I agree. THE draft should be reinstated. EVERY male and female should be required to serve
their country for two years in come capacity. It doesn't have to be in a combat unit.....there are
still enough courageous young men to do that. (I leave out women here because I don't believe
women should be sent into combat).

Reply
Nov 7, 2019 16:54:19   #
Pariahjf
 
promilitary wrote:
I agree. THE draft should be reinstated. EVERY male and female should be required to serve
their country for two years in come capacity. It doesn't have to be in a combat unit.....there are
still enough courageous young men to do that. (I leave out women here because I don't believe
women should be sent into combat).


I can agree with this. Then maybe everyone could understand what civility, honor, and teamwork actually mean.

Reply
Nov 7, 2019 16:55:48   #
Lt. Rob Polans ret.
 
Pariahjf wrote:
Great post. Here's a question that I want to have answered: How come it's the same families that are doing the work of protecting our country? Generation after generation after generation? That's the real issue here. EVERY family should be involved.
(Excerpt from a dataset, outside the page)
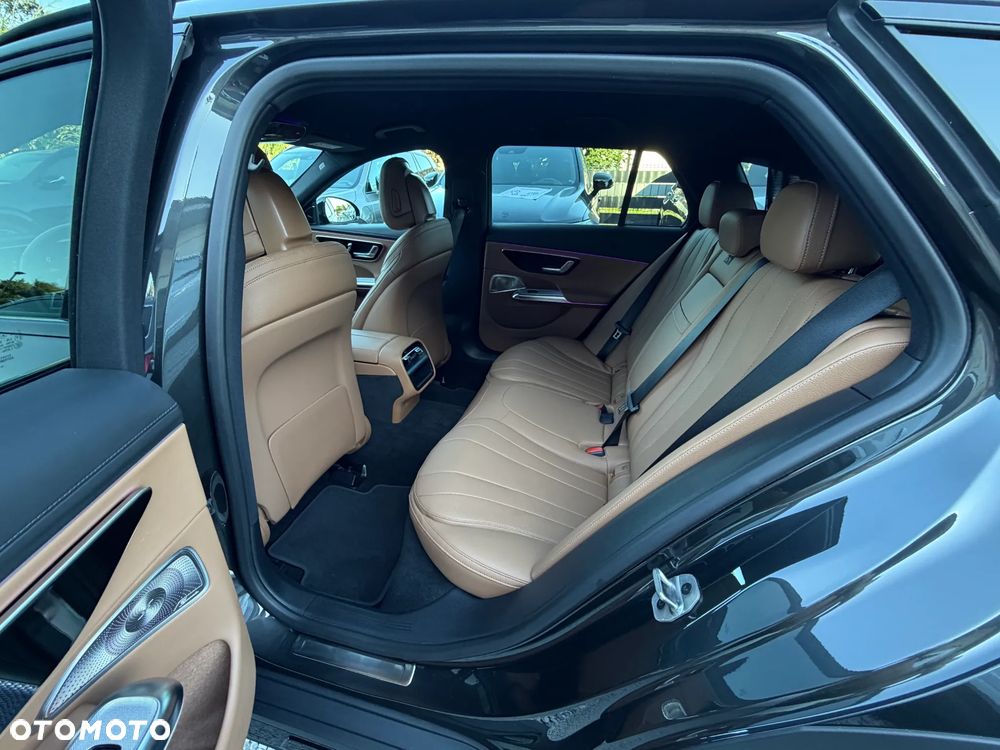 Mercedes-Benz Klasa E 300 de PHEV 4-Matic Avantgarde 9G-Tronic - 30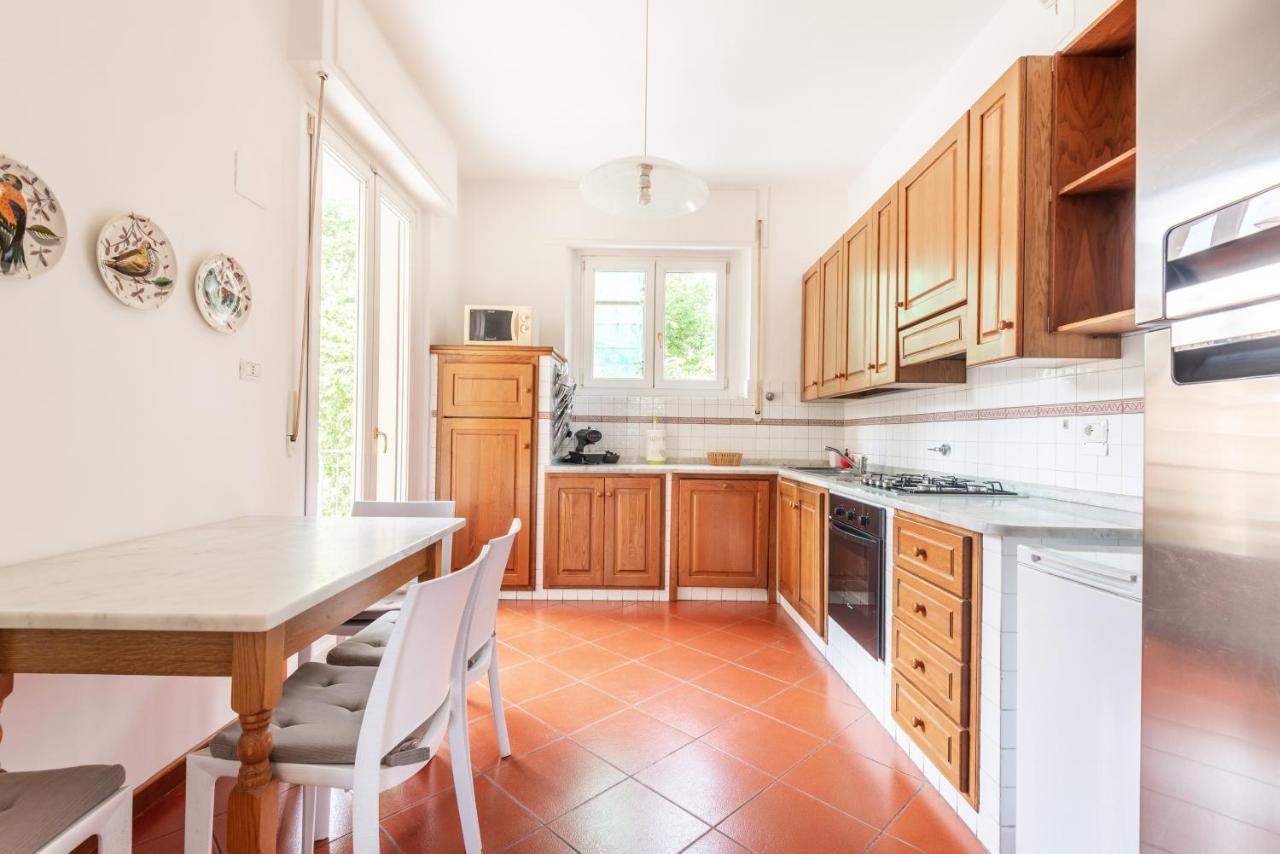 Arno River View Apartment Terraces, Free Parking Florence Buitenkant foto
I agree that most families should take part in the country's defense. Now I can only answer your question as it pertains to me. My Aunts and Uncles served in WWII (those already in America), then my mom and dad then I did. My niece joined the corps in 2014 and was sent to Afghanistan to pick up after me. My nephew is in Kuwait, I have no idea what the NG is doing there, poppy gardening?